Interior impressions

2003 MazdaSpeed Protegé
Click image to enlarge. Photo: Laurance Yap

The MazdaSpeed’s interior is an extension of the Protegé ES GT interior, with silver-faced round gauges, carbon fiber like trim on the dash, metallic look trim on the dash and console, a two-tone Nardi steering wheel, drilled aluminum foot pedals with rubber inserts, and two-tone silver and black seats (front and rear) and steering wheel. I found the whole package very attractive and well-finished.

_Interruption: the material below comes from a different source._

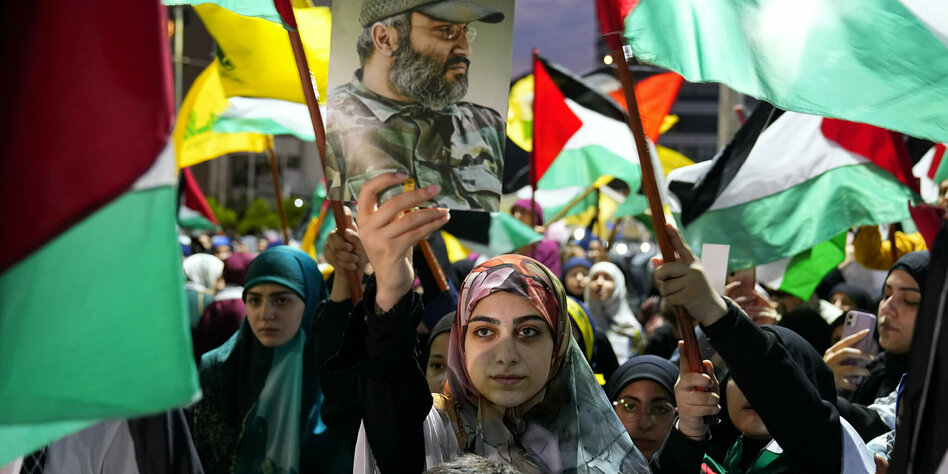 Reaktionen auf Angriff gegen Israel: Flaggen für Palästina 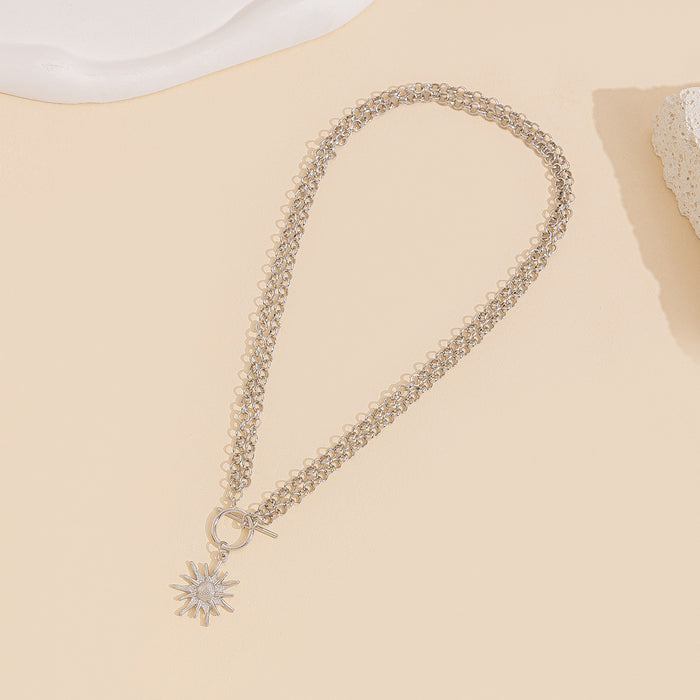 Wholesale Exaggerated jewelry, fashionable alloy thick chain necklace, personalized sun pendant, collarbone chain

Interior room is generous for a compact sedan – there’s plenty of headroom and legroom for front and rear adult passengers. The front sport seats have big side bolsters and are height adjustable at the front and rear of the seat cushion. Between the front seats is a small storage bin, and there are two cupholders ahead of the shift lever.

2003 MazdaSpeed Protegé
Click image to enlarge. Photo: Laurance Yap

At the rear, the raised front seats allow more footroom underneath for rear passengers. Outboard rear passengers have fixed rear head restraints, but no folding rear centre armrest. 60/40 split folding rear seatbacks are standard. The trunk is roomy, but a little smaller than a regular Protegé because of the speakers and amplifiers installed under the rear parcel shelf.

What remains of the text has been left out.